Lichen sclerosus is a common inflammatory dermatosis that occurs in all age groups and particularly affects the anogenital region. It is more common in post-menopausal females. The underlying cause is unknown but HLA associations and studies showing antibodies to extracellular matrix protein-1 suggest an autoimmune aetiology. It presents with atrophic ivory-white patches with a well-defined edge on the vulva, glans penis, foreskin or perianal skin. Telangiectasia may be seen over the surface. Occasionally lesions involve the shaft of the penis and the urethral meatus. Lesions are often itchy but may be sore at times. Longstanding vulval lesions may be associated with fissuring and a marked loss of architecture, especially of the clitoral hood and the labia minora, which may become fused. Early lesions in young girls may present as haemorrhagic blisters and these are occasionally mistaken as signs of sexual abuse. Involvement of the foreskin can cause phimosis and dyspareunia, and urethral disease may interfere with micturition. Perianal lesions may fissure and cause constipation.

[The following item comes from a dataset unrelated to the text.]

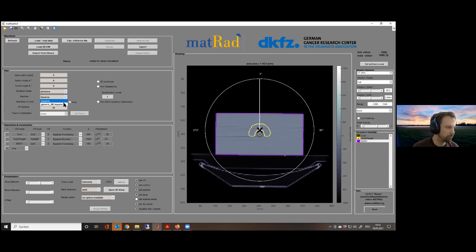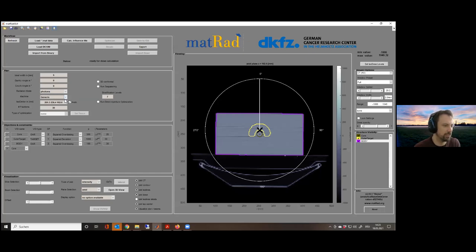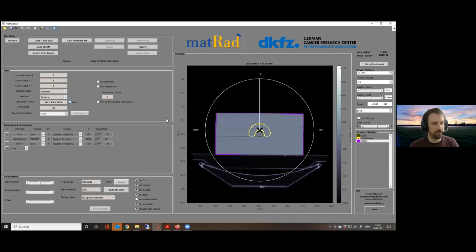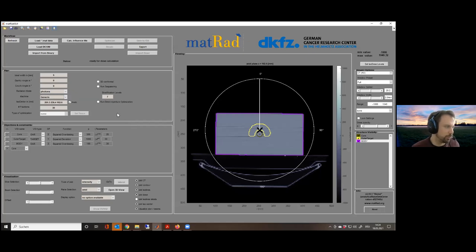When I trigger the 'visualize plan beams' button, you can see which gantry angles are currently set — there's a zero-degree angle falling directly into the isocenter. This comes from the plan parameters widget: default settings created when you load data. It gives a zero-degree gantry angle, zero-degree couch angle, and sets the radiation mode to photons with the generic machine. Please stick with the generic machine — do not use others.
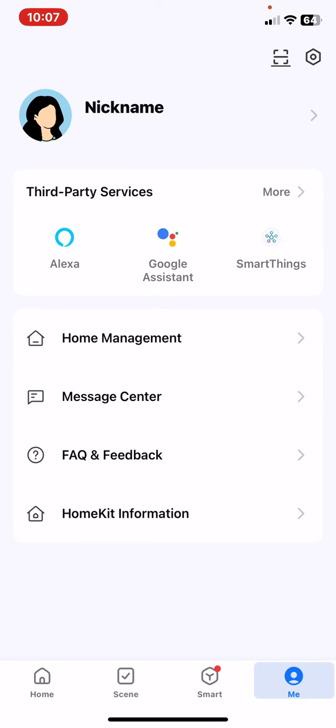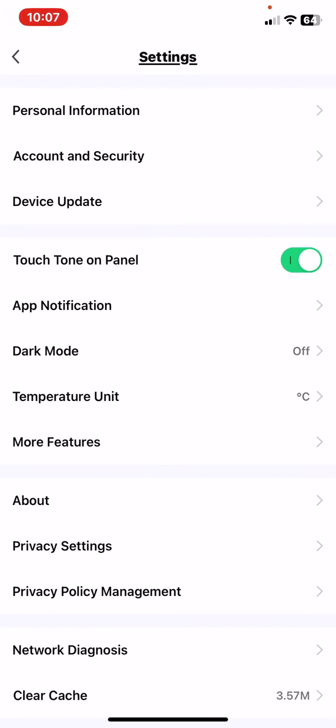Then click on the settings button at the top of the page on the right, and then click on the App Notification button.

Rarely lichen sclerosus can affect non-genital skin. This is most common in females and clinically it may show rather more hyperkeratosis and follicular plugging than is seen in the anogenital region.

Diagnosis

Diagnosis is usually clinical without the need for biopsy.

Treatment

Treatment with very potent topical steroids helps control the symptoms. Hydroxychloroquine (200 mg twice daily) is used in resistant cases. The condition may burn itself out after many years, especially in children. There is a risk of developing squamous cell carcinoma in longstanding lesions. Male patients may require circumcision if phimosis does not respond to medical therapy.

FURTHER READING

Neill SM, Lewis FM, Tatnall FM et al. British Association of Dermatologists’ guidelines for the management of lichen sclerosus 2010. Br J Dermatol 2010; 163:672–682.